Revocations or denials of passports will only occur after the IRS completes its normal examination and collection procedures, including exhaustion of the taxpayer’s administrative rights. However, U.S. citizens abroad may face difficulty availing themselves of the administrative remedies and let matters lapse due to their being unaware. Even if the individual is made aware, he or she may not be able to respond in a timely manner or in time to prevent an IRS certification to the State Department.
“Seriously delinquent tax debt” refers to unpaid, legally enforceable, federal tax debt assessed at greater than $52,000 (including interest and penalties) and either:
(i) notice of lien has been filed and collection due process rights have been exhausted or lapsed; or
(ii) a levy has been made.5
This does not include an FBAR penalty or child support.
The threshold amount is indexed annually for inflation.
Passport Status and Travel
The State Department will notify individuals with denied passport applications. For those who need their passports for employment, a reversal of an IRS certification of delinquent tax debt requires a full balance payment or alternative payment arrangement with the IRS.
If an individual is planning to travel and already has a passport, use of the passport is permitted until the State Department’s revocation notification. For those who are already abroad with a revoked passport, the State Department may issue a “limited validity” passport good only for a direct return to the United States. Similarly, a reversal of an IRS certification to the State Department requires either a full payment of the individual’s debt balance or an alternative payment agreement with the IRS. Once the IRS receives payment for the delinquent tax debt, it will decertify within 30 days of the resolution of that debt and provide a notice of the reversal to the State Department.
Worth noting is the IRS statement that it will “provide notification to the State Department as soon as practicable.”6 The lingering question for those affected is how long an individual would have to wait to receive his or her reinstated passport or approval for the previously denied passport. Uncertainty remains as to the promptness of undertaking next steps on the part of both the State Department and the IRS once a delinquent tax debt is resolved. Though the IRS provides that it will decertify within 30 days of debt resolution, it is uncertain as to how long it will take for the decertification notice to be sent out to the State Department. In addition, though it is customary for the State Department to take up to four weeks to (re)issue denied passports for arrears in child support, it is unclear as to how long it would take for the State Department to reinstate or (re)issue passports after IRS decertification notices are received.
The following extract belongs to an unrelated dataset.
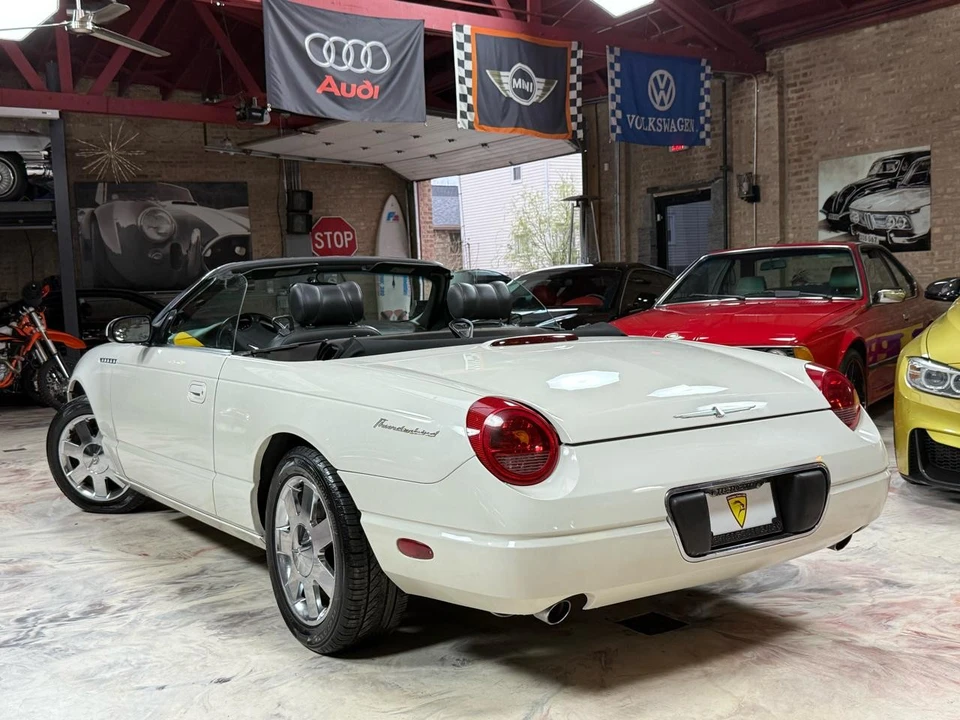 2002 Ford Thunderbird 11th Gen - Image 13 of 31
Recently, the IRS announced new relief procedures for certain individuals who have relinquished or are considering relinquishing their U.S. citizenship, which will enable such individuals to come into compliance with their U.S. tax and filing obligations and receive relief for unpaid taxes and penalties.7
1 See the IRS webpage (and the Alert on that webpage): “Revocation or Denial of Passport in Case of Certain Unpaid Taxes.”
2 See National Taxpayer Advocate, “Objectives Report to Congress: Fiscal Year 2020” – Volume One.
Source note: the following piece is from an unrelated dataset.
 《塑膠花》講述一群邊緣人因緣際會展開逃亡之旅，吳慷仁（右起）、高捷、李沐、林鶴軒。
3 For prior coverage, see GMS Flash Alert 2015-146 (December 10, 2015).
4 See Treasury Inspector General for Tax Administration, “Planned Improvements Have Not Been Made to Manage and Track Correspondence with International Taxpayers,” (Sept. 8, 2015).
5 See I.R.C. §§ 6320, 6331.
6 See the IRS webpage: Revocation or Denial of Passport in Case of Certain Unpaid Taxes.
7 For prior coverage, see GMS Flash Alert 2019-139 (September 10, 2019).
The above information is not intended to be "written advice concerning one or more Federal tax matters" subject to the requirements of section 10.37(a)(2) of Treasury Department Circular 230 as the content of this document is issued for general informational purposes only.